Each thing I share is one step. The one step often requires all the faith and strength that Jesus has given me so far. I take that step, rest a while, and then there is the next step, and it stretches me again.
Some time ago, Jesus caused me to stop and look back at when I began, and to consider where I was.
Do you see? Jesus asked me.
"Yes, I do. If I hadn't been faithful to take that first step, I would be unable to do what You are asking now."
As I was considering this next blog post, I saw it in a new way. The weight of this caused me to bend forward and I put my face in my hands.
"Holy, holy, holy," I whispered, in awe. There was no way it was possible for me to write about it. It shocked me that it even happened. "Dear God. Dear Jesus. How do I do this? I can't do this."
Apart from Me, you can do nothing, Jesus reminded me.
"Oh, thank God! Of course! Of course I'm not enough for this. I was not meant to be. I need only abide- You will flow through me."
I have sanctified Myself, that you might be sanctified, Jesus said gently.
As He spoke, I remembered that passage:
"They are not of the world (worldly, belonging to the world), [just] as I am not of the world.
Sanctify them [purify, consecrate, separate them for Yourself, make them holy] by the Truth; Your Word is Truth.

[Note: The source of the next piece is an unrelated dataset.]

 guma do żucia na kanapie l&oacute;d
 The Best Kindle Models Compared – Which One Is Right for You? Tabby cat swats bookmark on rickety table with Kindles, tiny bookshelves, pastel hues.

Just as You sent Me into the world, I also have sent them into the world.
And so for their sake and on their behalf I sanctify (dedicate, consecrate) Myself, that they also may be sanctified (dedicated, consecrated, made holy) in the Truth."
The relief of remembering this was exquisite. I put my hand out and leaned against the wall, feeling a hundred times lighter.
"Thank You," I breathed. "Thank You. I will abide in You, in Your sanctifying work, which You did on my behalf. Without You, I could do nothing and would be stuck fast and blind, but thank God for You."
My word for last year was love. I thought this was an annoyingly humdrum word and I wished I'd been given something more poetic, but that's what I had.
This year, my word is reveal.
"The secret [of the sweet, satisfying companionship] of the Lord have they who fear (revere and worship) Him, and He will show them His covenant and reveal to them its [deep, inner] meaning."